#### [Provided records]
......

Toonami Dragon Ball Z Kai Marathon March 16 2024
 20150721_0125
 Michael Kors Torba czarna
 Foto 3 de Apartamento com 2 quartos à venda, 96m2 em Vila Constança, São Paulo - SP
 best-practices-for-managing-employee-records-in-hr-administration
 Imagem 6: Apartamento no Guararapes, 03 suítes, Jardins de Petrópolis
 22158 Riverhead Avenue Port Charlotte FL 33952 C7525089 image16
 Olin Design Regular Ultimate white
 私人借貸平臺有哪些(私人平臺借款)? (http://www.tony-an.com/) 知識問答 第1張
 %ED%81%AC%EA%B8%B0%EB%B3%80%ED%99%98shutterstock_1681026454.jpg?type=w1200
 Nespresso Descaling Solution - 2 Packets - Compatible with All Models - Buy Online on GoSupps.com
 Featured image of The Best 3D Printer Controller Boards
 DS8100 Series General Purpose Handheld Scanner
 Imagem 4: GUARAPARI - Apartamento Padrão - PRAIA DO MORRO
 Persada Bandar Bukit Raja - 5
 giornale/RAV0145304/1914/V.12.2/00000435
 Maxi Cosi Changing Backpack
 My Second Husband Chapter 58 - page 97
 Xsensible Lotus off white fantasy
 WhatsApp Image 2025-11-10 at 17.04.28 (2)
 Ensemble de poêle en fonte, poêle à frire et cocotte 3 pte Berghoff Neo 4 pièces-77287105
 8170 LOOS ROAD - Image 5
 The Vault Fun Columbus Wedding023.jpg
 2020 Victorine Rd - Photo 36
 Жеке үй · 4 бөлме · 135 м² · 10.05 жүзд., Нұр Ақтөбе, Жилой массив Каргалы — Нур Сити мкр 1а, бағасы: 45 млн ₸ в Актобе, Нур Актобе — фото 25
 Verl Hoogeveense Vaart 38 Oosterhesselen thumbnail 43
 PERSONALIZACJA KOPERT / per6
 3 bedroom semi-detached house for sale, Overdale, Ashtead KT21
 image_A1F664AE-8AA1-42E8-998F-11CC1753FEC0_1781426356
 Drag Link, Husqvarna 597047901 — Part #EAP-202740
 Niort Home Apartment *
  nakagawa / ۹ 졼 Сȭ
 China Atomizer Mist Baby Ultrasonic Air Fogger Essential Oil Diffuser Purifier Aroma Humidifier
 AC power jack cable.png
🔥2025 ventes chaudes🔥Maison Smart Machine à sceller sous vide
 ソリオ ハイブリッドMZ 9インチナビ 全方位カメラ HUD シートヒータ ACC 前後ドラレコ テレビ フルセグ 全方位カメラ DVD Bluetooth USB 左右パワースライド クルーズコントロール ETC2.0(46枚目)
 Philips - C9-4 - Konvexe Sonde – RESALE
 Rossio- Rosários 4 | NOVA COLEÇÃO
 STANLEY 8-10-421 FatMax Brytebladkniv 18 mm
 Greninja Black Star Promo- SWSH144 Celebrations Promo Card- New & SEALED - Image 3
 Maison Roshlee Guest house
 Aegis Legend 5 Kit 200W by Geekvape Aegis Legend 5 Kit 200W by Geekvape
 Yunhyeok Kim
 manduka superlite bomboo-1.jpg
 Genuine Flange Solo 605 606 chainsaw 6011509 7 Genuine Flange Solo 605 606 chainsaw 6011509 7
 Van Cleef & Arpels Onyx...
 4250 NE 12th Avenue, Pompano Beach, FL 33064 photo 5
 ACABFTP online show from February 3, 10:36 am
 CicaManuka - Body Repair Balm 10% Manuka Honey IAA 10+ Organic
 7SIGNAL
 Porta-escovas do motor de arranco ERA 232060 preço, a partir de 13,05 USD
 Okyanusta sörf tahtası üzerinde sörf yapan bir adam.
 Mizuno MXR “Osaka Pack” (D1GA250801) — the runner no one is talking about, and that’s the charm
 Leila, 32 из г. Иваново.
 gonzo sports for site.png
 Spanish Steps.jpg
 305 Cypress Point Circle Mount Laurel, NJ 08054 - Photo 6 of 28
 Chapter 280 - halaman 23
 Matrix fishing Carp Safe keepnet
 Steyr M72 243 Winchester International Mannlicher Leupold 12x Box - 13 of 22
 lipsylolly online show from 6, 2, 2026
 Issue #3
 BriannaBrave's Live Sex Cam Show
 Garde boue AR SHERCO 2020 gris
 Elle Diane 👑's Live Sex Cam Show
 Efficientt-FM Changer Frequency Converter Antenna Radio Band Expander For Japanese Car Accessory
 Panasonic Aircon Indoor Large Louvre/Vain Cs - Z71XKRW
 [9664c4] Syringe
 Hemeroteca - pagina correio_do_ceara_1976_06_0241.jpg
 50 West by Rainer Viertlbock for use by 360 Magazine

......

Your response must contain the complete listing, copied without deviation.

#### [Completed exercise]
Toonami Dragon Ball Z Kai Marathon March 16 2024
 20150721_0125
 Michael Kors Torba czarna
 Foto 3 de Apartamento com 2 quartos à venda, 96m2 em Vila Constança, São Paulo - SP
 best-practices-for-managing-employee-records-in-hr-administration
 Imagem 6: Apartamento no Guararapes, 03 suítes, Jardins de Petrópolis
 22158 Riverhead Avenue Port Charlotte FL 33952 C7525089 image16
 Olin Design Regular Ultimate white
 私人借貸平臺有哪些(私人平臺借款)? (http://www.tony-an.com/) 知識問答 第1張
 %ED%81%AC%EA%B8%B0%EB%B3%80%ED%99%98shutterstock_1681026454.jpg?type=w1200
 Nespresso Descaling Solution - 2 Packets - Compatible with All Models - Buy Online on GoSupps.com
 Featured image of The Best 3D Printer Controller Boards
 DS8100 Series General Purpose Handheld Scanner
 Imagem 4: GUARAPARI - Apartamento Padrão - PRAIA DO MORRO
 Persada Bandar Bukit Raja - 5
 giornale/RAV0145304/1914/V.12.2/00000435
 Maxi Cosi Changing Backpack
 My Second Husband Chapter 58 - page 97
 Xsensible Lotus off white fantasy
 WhatsApp Image 2025-11-10 at 17.04.28 (2)
 Ensemble de poêle en fonte, poêle à frire et cocotte 3 pte Berghoff Neo 4 pièces-77287105
 8170 LOOS ROAD - Image 5
 The Vault Fun Columbus Wedding023.jpg
 2020 Victorine Rd - Photo 36
 Жеке үй · 4 бөлме · 135 м² · 10.05 жүзд., Нұр Ақтөбе, Жилой массив Каргалы — Нур Сити мкр 1а, бағасы: 45 млн ₸ в Актобе, Нур Актобе — фото 25
 Verl Hoogeveense Vaart 38 Oosterhesselen thumbnail 43
 PERSONALIZACJA KOPERT / per6
 3 bedroom semi-detached house for sale, Overdale, Ashtead KT21
 image_A1F664AE-8AA1-42E8-998F-11CC1753FEC0_1781426356
 Drag Link, Husqvarna 597047901 — Part #EAP-202740
 Niort Home Apartment *
  nakagawa / ۹ 졼 Сȭ
 China Atomizer Mist Baby Ultrasonic Air Fogger Essential Oil Diffuser Purifier Aroma Humidifier
 AC power jack cable.png
🔥2025 ventes chaudes🔥Maison Smart Machine à sceller sous vide
 ソリオ ハイブリッドMZ 9インチナビ 全方位カメラ HUD シートヒータ ACC 前後ドラレコ テレビ フルセグ 全方位カメラ DVD Bluetooth USB 左右パワースライド クルーズコントロール ETC2.0(46枚目)
 Philips - C9-4 - Konvexe Sonde – RESALE
 Rossio- Rosários 4 | NOVA COLEÇÃO
 STANLEY 8-10-421 FatMax Brytebladkniv 18 mm
 Greninja Black Star Promo- SWSH144 Celebrations Promo Card- New & SEALED - Image 3
 Maison Roshlee Guest house
 Aegis Legend 5 Kit 200W by Geekvape Aegis Legend 5 Kit 200W by Geekvape
 Yunhyeok Kim
 manduka superlite bomboo-1.jpg
 Genuine Flange Solo 605 606 chainsaw 6011509 7 Genuine Flange Solo 605 606 chainsaw 6011509 7
 Van Cleef & Arpels Onyx...
 4250 NE 12th Avenue, Pompano Beach, FL 33064 photo 5
 ACABFTP online show from February 3, 10:36 am
 CicaManuka - Body Repair Balm 10% Manuka Honey IAA 10+ Organic
 7SIGNAL
 Porta-escovas do motor de arranco ERA 232060 preço, a partir de 13,05 USD
 Okyanusta sörf tahtası üzerinde sörf yapan bir adam.
 Mizuno MXR “Osaka Pack” (D1GA250801) — the runner no one is talking about, and that’s the charm
 Leila, 32 из г. Иваново.
 gonzo sports for site.png
 Spanish Steps.jpg
 305 Cypress Point Circle Mount Laurel, NJ 08054 - Photo 6 of 28
 Chapter 280 - halaman 23
 Matrix fishing Carp Safe keepnet
 Steyr M72 243 Winchester International Mannlicher Leupold 12x Box - 13 of 22
 lipsylolly online show from 6, 2, 2026
 Issue #3
 BriannaBrave's Live Sex Cam Show
 Garde boue AR SHERCO 2020 gris
 Elle Diane 👑's Live Sex Cam Show
 Efficientt-FM Changer Frequency Converter Antenna Radio Band Expander For Japanese Car Accessory
 Panasonic Aircon Indoor Large Louvre/Vain Cs - Z71XKRW
 [9664c4] Syringe
 Hemeroteca - pagina correio_do_ceara_1976_06_0241.jpg
 50 West by Rainer Viertlbock for use by 360 Magazine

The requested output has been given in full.